**Goal of the exercise:** Entries follow. Give back exactly the lines starting at the one containing "Bayside Adult Long" and ending at the one containing "Уличные зимние мужские", and no other lines.

**Records from a collection:**
== Segment start ==

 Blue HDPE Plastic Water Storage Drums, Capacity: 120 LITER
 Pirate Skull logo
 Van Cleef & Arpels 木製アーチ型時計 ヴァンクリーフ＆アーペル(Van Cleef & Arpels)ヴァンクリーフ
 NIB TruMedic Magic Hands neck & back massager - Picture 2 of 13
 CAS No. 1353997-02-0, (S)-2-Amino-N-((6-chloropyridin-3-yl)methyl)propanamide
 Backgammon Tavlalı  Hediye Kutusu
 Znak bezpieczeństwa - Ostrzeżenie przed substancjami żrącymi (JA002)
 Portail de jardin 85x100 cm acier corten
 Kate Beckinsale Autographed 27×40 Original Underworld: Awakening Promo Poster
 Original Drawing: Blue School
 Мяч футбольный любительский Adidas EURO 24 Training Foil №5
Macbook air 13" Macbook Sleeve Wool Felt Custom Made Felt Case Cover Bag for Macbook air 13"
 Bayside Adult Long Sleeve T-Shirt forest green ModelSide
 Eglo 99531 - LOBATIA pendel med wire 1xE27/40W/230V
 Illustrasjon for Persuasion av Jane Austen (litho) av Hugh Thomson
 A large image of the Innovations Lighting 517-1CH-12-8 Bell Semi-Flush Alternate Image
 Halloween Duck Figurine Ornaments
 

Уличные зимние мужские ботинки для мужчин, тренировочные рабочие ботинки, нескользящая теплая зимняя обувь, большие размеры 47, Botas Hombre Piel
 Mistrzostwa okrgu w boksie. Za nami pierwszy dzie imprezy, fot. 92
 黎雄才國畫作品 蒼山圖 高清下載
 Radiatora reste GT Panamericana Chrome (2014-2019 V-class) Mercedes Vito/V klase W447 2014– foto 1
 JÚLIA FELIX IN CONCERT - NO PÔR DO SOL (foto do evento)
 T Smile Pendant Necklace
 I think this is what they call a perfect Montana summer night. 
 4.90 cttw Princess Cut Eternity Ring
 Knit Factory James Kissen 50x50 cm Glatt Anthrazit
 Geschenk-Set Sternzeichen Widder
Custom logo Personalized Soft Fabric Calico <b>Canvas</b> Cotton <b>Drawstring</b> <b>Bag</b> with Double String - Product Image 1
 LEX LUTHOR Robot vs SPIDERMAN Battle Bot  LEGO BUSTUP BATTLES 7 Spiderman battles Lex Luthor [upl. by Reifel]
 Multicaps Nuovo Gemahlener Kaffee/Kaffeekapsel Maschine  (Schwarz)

== Segment end ==

**Exercise output:**
 Bayside Adult Long Sleeve T-Shirt forest green ModelSide
 Eglo 99531 - LOBATIA pendel med wire 1xE27/40W/230V
 Illustrasjon for Persuasion av Jane Austen (litho) av Hugh Thomson
 A large image of the Innovations Lighting 517-1CH-12-8 Bell Semi-Flush Alternate Image
 Halloween Duck Figurine Ornaments
 

Уличные зимние мужские ботинки для мужчин, тренировочные рабочие ботинки, нескользящая теплая зимняя обувь, большие размеры 47, Botas Hombre Piel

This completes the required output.